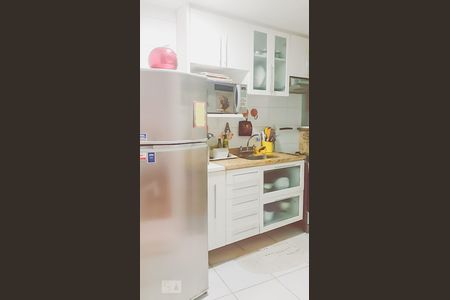 Cozinha de apartamento à venda com 2 quartos, 100m² em Laranjeiras, Rio de Janeiro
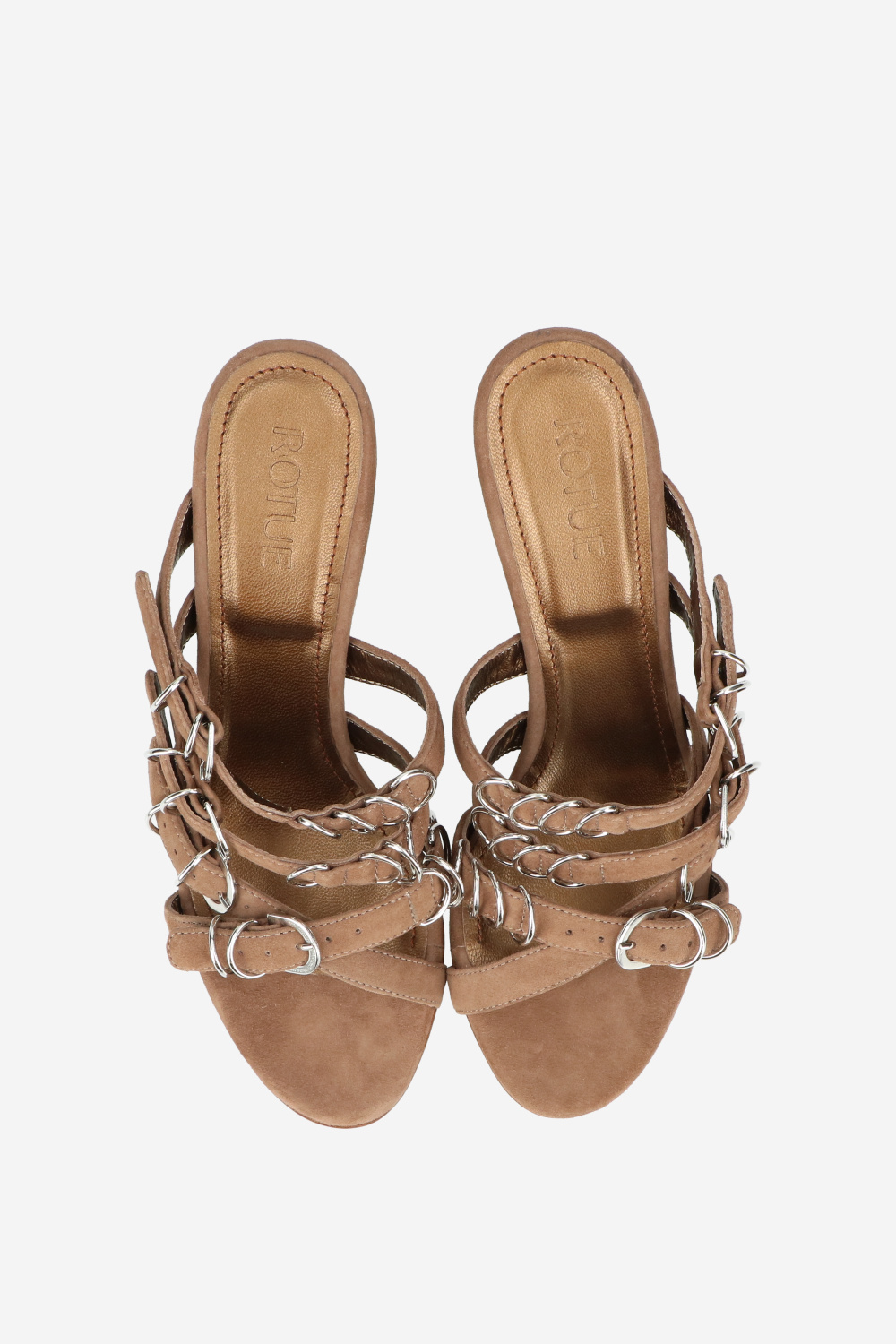 Rotue Sandals Brown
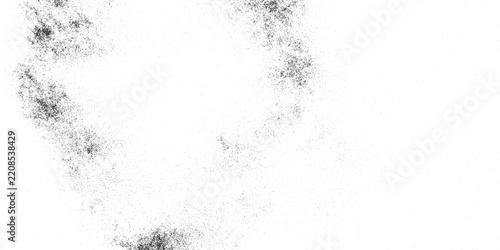 Abstract grunge concrete wall texture with cracks scratches and dust overlay Speckle grain dot white paper noise Old grunge grain sand overlay. Vector gritty splash effect  grunge background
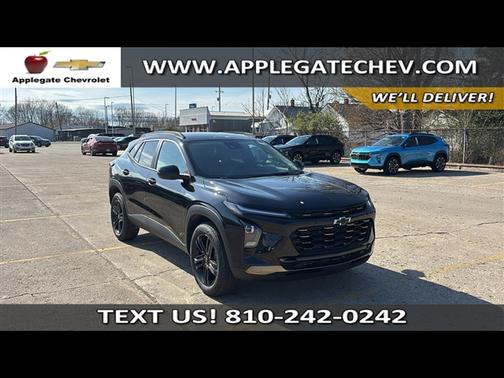 2025 Chevrolet Trax FWD ACTIV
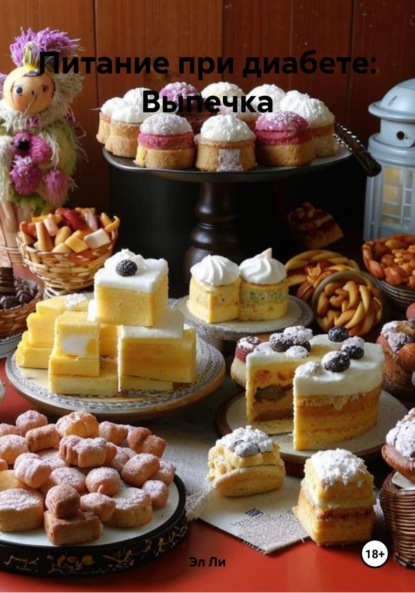 Скачать книгу Питание при диабете: Выпечка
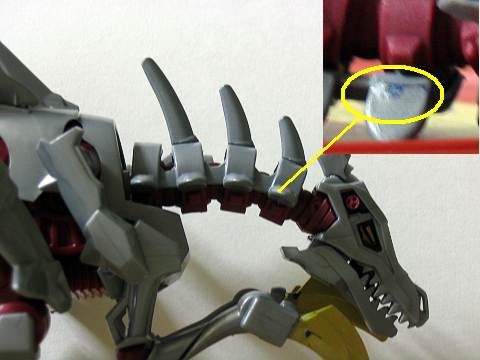 首装甲拡大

+++

» Exercise:
Reproduce word for word the lines running from the line with "Rotue Sandals Brown" through the end of the data, both included, and nothing else; leave out the pictures.

» Reply to the exercise:
 Rotue Sandals Brown
 Abstract grunge concrete wall texture with cracks scratches and dust overlay Speckle grain dot white paper noise Old grunge grain sand overlay. Vector gritty splash effect  grunge background
 2025 Chevrolet Trax FWD ACTIV
 Скачать книгу Питание при диабете: Выпечка
 首装甲拡大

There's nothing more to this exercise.